Martingale Inequalities
Martingale inequalities bound how large a martingale can grow over its whole history in terms of its final value, turning control of an endpoint into control of an entire random trajectory.
Definition
Martingale inequalities are bounds that control the running maximum or the fluctuations of a martingale or submartingale, typically in terms of its terminal value, its increments, or its quadratic variation.
Scope
The topic covers Doob's maximal inequality bounding the probability that a submartingale ever exceeds a level, Doob's Lp inequality bounding the maximum in the p-th mean for p greater than one, the Azuma-Hoeffding inequality giving exponential concentration for martingales with bounded increments, and the Burkholder-Davis-Gundy inequalities relating the maximum of a martingale to its quadratic variation.
Core questions
- How can the probability that a martingale ever crosses a high level be bounded?
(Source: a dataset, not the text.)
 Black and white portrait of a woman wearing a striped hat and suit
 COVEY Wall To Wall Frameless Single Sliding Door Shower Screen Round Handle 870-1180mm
- How is the largest value of a martingale controlled in the p-th mean?
- When do martingales with bounded increments concentrate exponentially around their mean?
- How is the size of a martingale related to its accumulated quadratic variation?
Key concepts
- Doob's maximal inequality
- Doob's Lp inequality
- Azuma-Hoeffding concentration
- quadratic variation
- Burkholder-Davis-Gundy inequalities
Key theories
- Doob's maximal and Lp inequalities
- The probability that a non-negative submartingale ever exceeds a level is bounded by its terminal mean divided by that level, and for p greater than one the p-th mean of the running maximum is controlled by a constant times the p-th mean of the terminal value, extending Markov's inequality to whole trajectories.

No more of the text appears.